▸ Source records
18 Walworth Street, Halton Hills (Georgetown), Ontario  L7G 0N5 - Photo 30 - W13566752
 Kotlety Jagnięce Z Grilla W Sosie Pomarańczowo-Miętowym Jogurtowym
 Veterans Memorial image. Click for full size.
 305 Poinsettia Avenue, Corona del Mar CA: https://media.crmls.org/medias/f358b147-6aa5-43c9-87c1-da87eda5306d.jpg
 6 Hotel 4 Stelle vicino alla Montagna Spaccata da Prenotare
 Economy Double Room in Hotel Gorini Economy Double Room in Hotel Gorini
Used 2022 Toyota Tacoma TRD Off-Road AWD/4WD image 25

▸ Exercise prompt
An exact copy of every line from the one containing "Kotlety Jagnięce Z" through the last line of the entries is required; please add nothing.

▸ Solution
 Kotlety Jagnięce Z Grilla W Sosie Pomarańczowo-Miętowym Jogurtowym
 Veterans Memorial image. Click for full size.
 305 Poinsettia Avenue, Corona del Mar CA: https://media.crmls.org/medias/f358b147-6aa5-43c9-87c1-da87eda5306d.jpg
 6 Hotel 4 Stelle vicino alla Montagna Spaccata da Prenotare
 Economy Double Room in Hotel Gorini Economy Double Room in Hotel Gorini
Used 2022 Toyota Tacoma TRD Off-Road AWD/4WD image 25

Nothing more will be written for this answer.